High-resolution bioprinting of complex bio-structures via engineering of the photopatterning approaches and adaptive segmentation.

Digital light processing (DLP) technology has significantly advanced various applications, including 3D bioprinting, through its precision and speed in creating detailed structures. While traditional DLP systems rely on light-emitting diodes (LEDs), their limited power spectral density, high etendue, and spectral inefficiency constrain their performance in resolution, dynamic range, printing time, and cell viability. This study proposes and evaluates a dual-laser DLP system to overcome these limitations and enhance bioprinting performance. The proposed dual-laser system resulted in a twofold increase in resolution and a twelvefold reduction in printing time compared to the LED system. The system's capability was evaluated by printing three distinct designs, achieving a maximum percentage error of 1.16% and a minimum of 0.02% in accurately reproducing complex structures. Further, the impact of exposure times (10-30 s) and light intensities (0.044-0.11 mW mm^-2) on the viability and morphology of 3T3 fibroblasts in GelMA and GelMA-poly(ethylene glycol) diacrylate (PEGDA) hydrogels is assessed. The findings reveal a clear relationship between longer exposure times and reduced cell viability. On day 7, samples exposed for extended periods exhibited the lowest metabolic activity and cell density, with differences of ∼40% between treatments.
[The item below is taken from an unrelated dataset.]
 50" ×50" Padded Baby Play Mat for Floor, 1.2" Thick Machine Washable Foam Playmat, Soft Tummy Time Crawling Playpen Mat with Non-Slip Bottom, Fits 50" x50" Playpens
However, all samples show recovery by day 7, with GelMA samples exhibiting up to a sixfold increase in metabolic activity and GelMA-PEGDA samples showing up to a twofold increase. In contrast, light intensity variations had a lesser effect, with a maximum variation of 15% in cell viability. We introduced a segmented printing method to mitigate over-crosslinking and enhance the dynamic range, utilizing an adaptive segmentation control strategy. This method, demonstrated by printing a bronchial model with a 14.43x compression ratio, improved resolution and maintained cell viability up to 90% for GelMA and 85% for GelMA-PEGDA during 7 d of culture. The proposed dual-laser system and adaptive segmentation method were confirmed through successful prints with diverse bio-inks and complex structures, underscoring its advantages over traditional LED systems in advancing 3D bioprinting.